_INSTRUCTIONS FOR THE TASK_
With the pictures left out, return exactly the lines from the one containing "Diogenes Die verlorene Welt der Kalahari Diogenes" through the end of the listing below.

PROVIDED MATERIAL below:

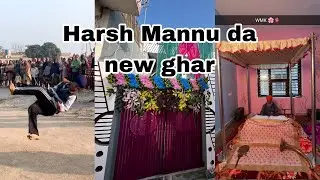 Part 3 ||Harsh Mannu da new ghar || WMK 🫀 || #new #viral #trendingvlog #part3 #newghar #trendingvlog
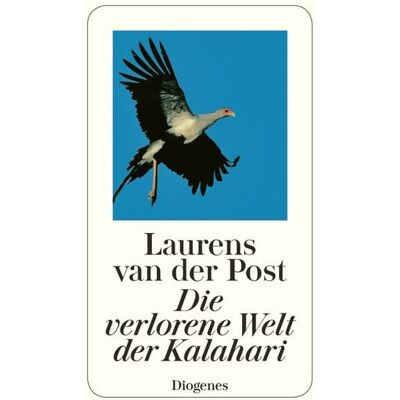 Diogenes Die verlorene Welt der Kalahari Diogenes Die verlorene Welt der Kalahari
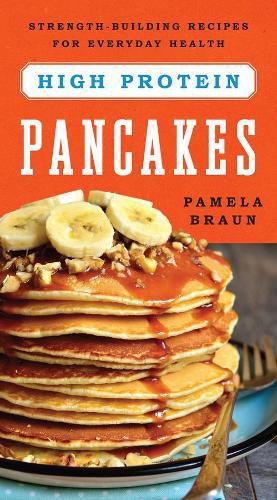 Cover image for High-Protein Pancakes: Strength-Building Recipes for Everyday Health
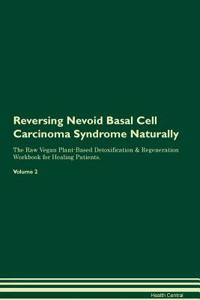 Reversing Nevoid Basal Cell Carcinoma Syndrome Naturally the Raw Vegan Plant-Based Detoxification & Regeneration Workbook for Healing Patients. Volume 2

End of PROVIDED MATERIAL.

_REPLY TO THE TASK_
 Diogenes Die verlorene Welt der Kalahari Diogenes Die verlorene Welt der Kalahari
 Cover image for High-Protein Pancakes: Strength-Building Recipes for Everyday Health
 Reversing Nevoid Basal Cell Carcinoma Syndrome Naturally the Raw Vegan Plant-Based Detoxification & Regeneration Workbook for Healing Patients. Volume 2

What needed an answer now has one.